Revisiting Shooting Point Monte Carlo Methods for Transition Path Sampling

TL;DR

This paper introduces a theoretical framework for transition path sampling methods, addressing memory effects and deriving acceptance rules to improve the accuracy of rare event simulations in molecular systems.

Contribution

It provides a unified extended ensemble formalism for TPS, clarifies acceptance criteria, and proposes amendments for flexible-length shooting methods.

Findings

Extended ensemble formalism for TPS with memory effects

Derived acceptance rules for various path sampling algorithms

Identified need for amended acceptance criteria in certain shooting methods

Abstract

Rare event sampling algorithms are essential for understanding processes that occur infrequently on the molecular scale, yet they are important for the long-time dynamics of complex molecular systems. One of these algorithms, transition path sampling (TPS), has become a standard technique to study such rare processes since no prior knowledge on the transition region is required. Most TPS methods generate new trajectories from old trajectories by selecting a point along the old trajectory, modifying its momentum in some way, and then ``shooting'' a new trajectory by integrating forward and backward in time. In some procedures, the shooting point is selected independently for each trial move, but in others, the shooting point evolves from one path to the next so that successive shooting points are related to each other.
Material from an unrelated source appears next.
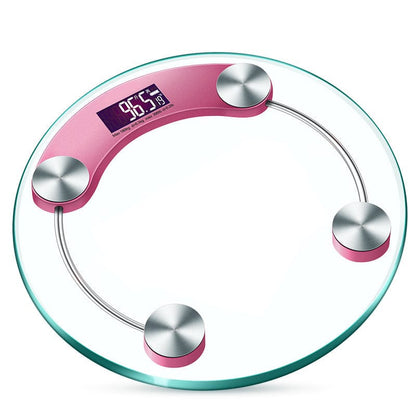 Round Digital Body Weight Scale – High-Definition LCD Display, Tempered Glass, Auto On/Off, Precision… — product image 3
To account for this memory effect, we introduce a theoretical framework based on an extended ensemble that includes both paths and shooting indices. We derive appropriate acceptance rules for various path sampling algorithms in this extended formalism, ensuring the correct sampling of the transition path ensemble. Our framework reveals the need for amended acceptance criteria in the flexible-length aimless shooting and spring shooting methods.